Main Blokir Wartawan, Layakkah Kepala DLH Banyuwangi Duduk di Kursinya?

Ari Bagus Pranata
Foto: Ilustrasi Karikatur (ai)

Fenomena dugaan pemblokiran nomor WhatsApp wartawan oleh Kepala Dinas Lingkungan Hidup Banyuwangi memantik tanda tanya besar: apakah ini cerminan pejabat publik yang siap melayani masyarakat, atau justru pejabat yang alergi kritik?

Seorang kepala dinas sejatinya mengemban tanggung jawab besar, terutama dalam persoalan lingkungan yang kini kian kompleks. Sampah menumpuk, sungai tercemar, warga masih kebingungan soal tata kelola. Alih-alih membuka pintu komunikasi dengan media, pejabat justru memilih menutup akses dengan cara memblokir wartawan yang kritis.

Pertanyaan mendasarnya: apakah pejabat publik boleh bersikap sesensitif itu terhadap kritik?

Bukankah media adalah mitra dalam menyuarakan suara rakyat?

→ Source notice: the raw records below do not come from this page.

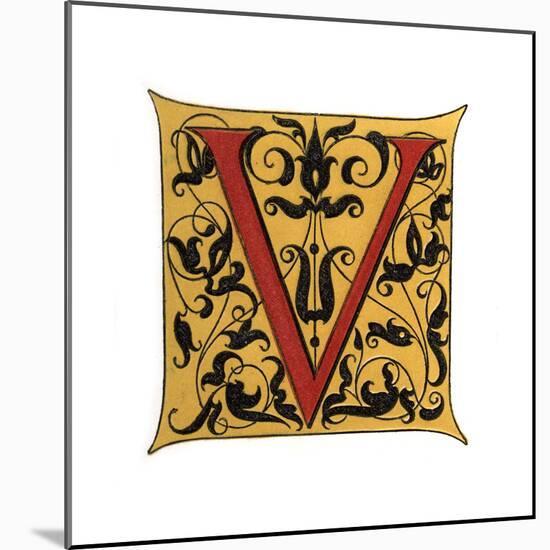 Initial Letter V-Henry Shaw-Mounted Giclee Print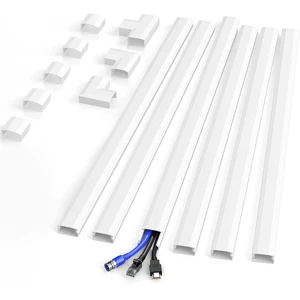 Cord Hider Wall, Cord Covers for 2-3 Wires, Easy Set up Cable Hider Wire Covers for Cords on Wall, Self-Adhesive Wire Hiders for TV on Wall, Cable Cover Management Kit, W1.0 H0.53in, White Cord Hider Wall, Cord Covers for 2-3 Wires, Easy Set up Cable Hider Wire Covers for Cords on Wall, Self-Adhesive Wire Hiders for TV on Wall, Cable Cover Management Kit, W1.0 H0.53in, White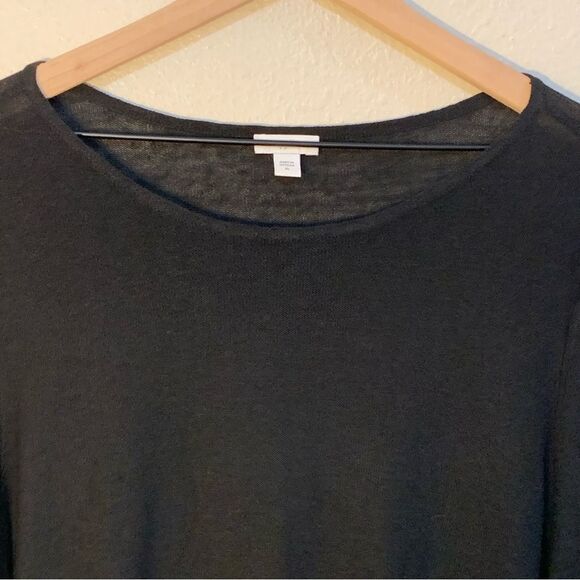 J. JILL Tunic 59% Linen Blend Women’s XL Black Long Bell Sleeve Slit Scoop Neck. - Picture 3 of 15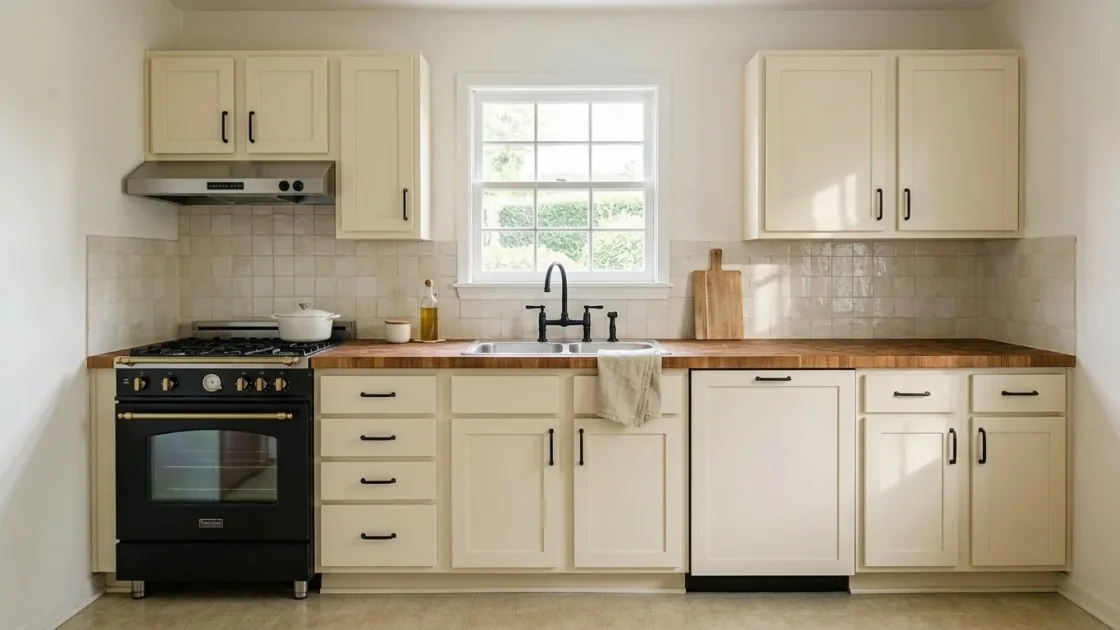 Same kitchen restyled into a modern farmhouse design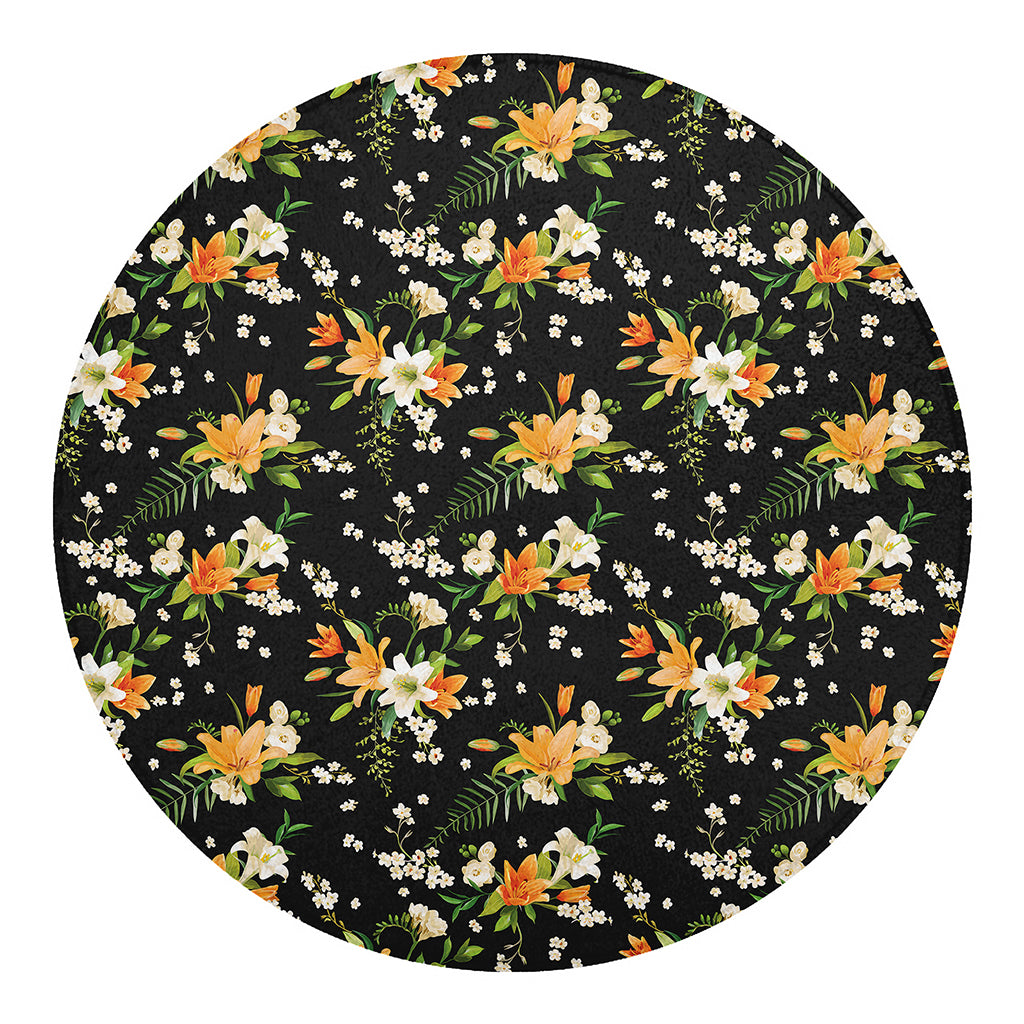 Spring Lily Flowers Pattern Print Round Blanket
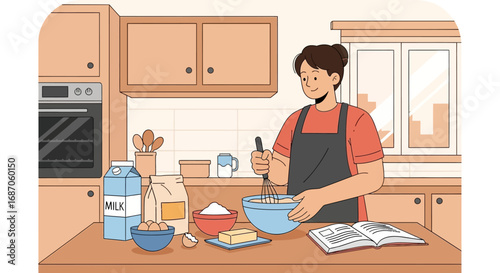 Young man wearing an apron happily whisking batter in a bowl, following a recipe to bake a cake in a home kitchen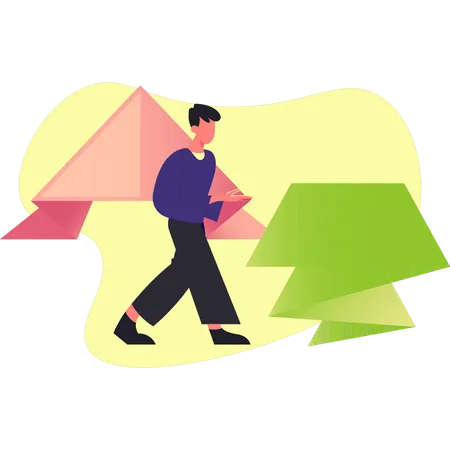 Boy walking near origami craft  Illustration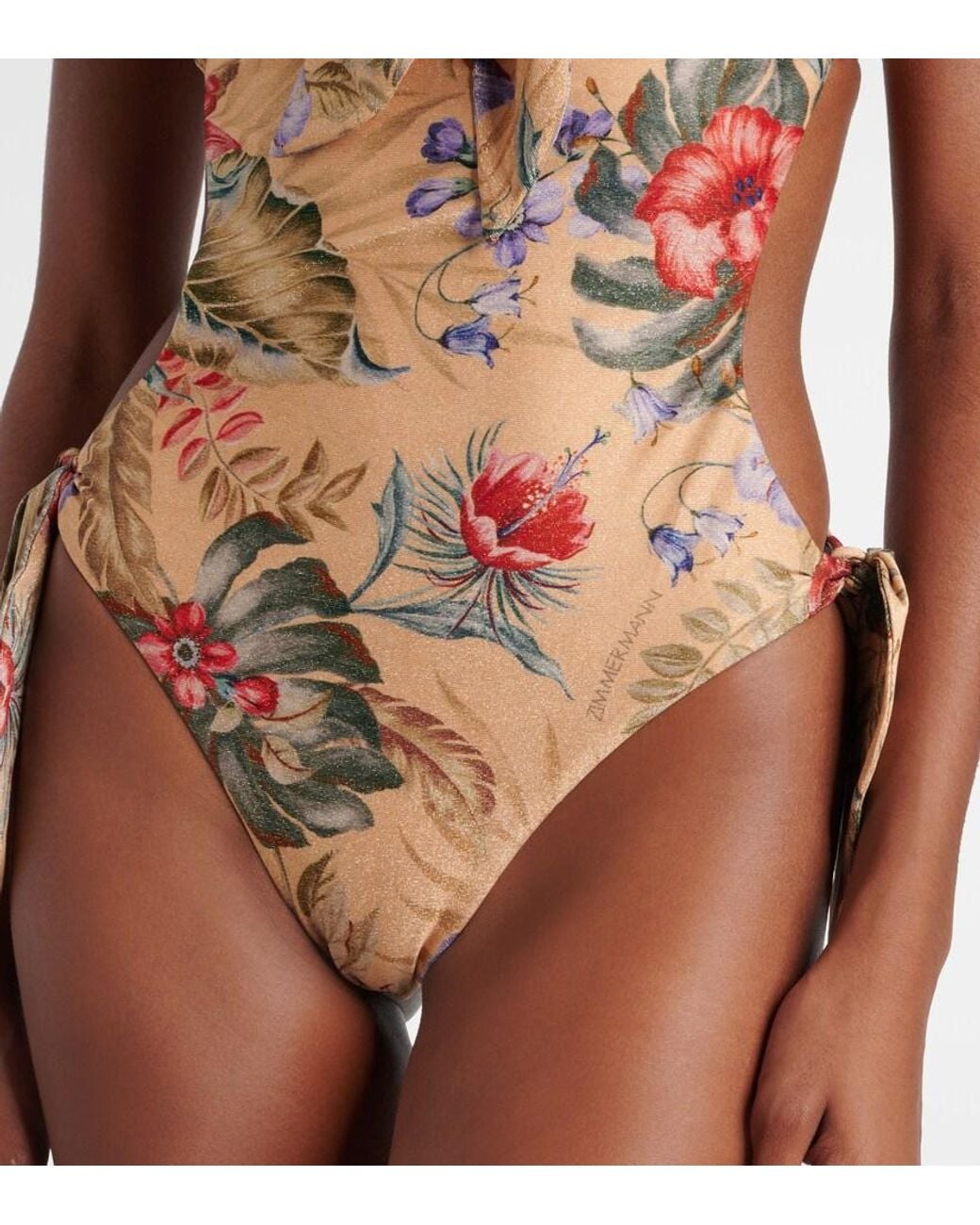 Zimmermann Brown Coco Bow-Detail Floral Swimsuit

Menutup komunikasi dengan jurnalis sama saja menutup telinga dari keluhan masyarakat.

Dalam logika sederhana, jika seorang kepala dinas lebih sibuk memblokir daripada menyelesaikan masalah sampah, maka publik berhak bertanya:

masih pantaskah ia memimpin dinas yang menyangkut hajat hidup orang banyak?

Pejabat bukanlah ratu yang anti disentuh kritik. Pejabat adalah pelayan publik yang harus siap dikritik, bahkan dihujat, selama itu untuk perbaikan. Jika kritik dianggap ancaman, lalu untuk siapa kursi jabatan itu diduduki?

Banyuwangi tidak butuh kepala dinas yang pandai memblokir wartawan. Banyuwangi butuh kepala dinas yang berani turun ke lapangan, menghadapi kritik, dan menjawab persoalan dengan kerja nyata.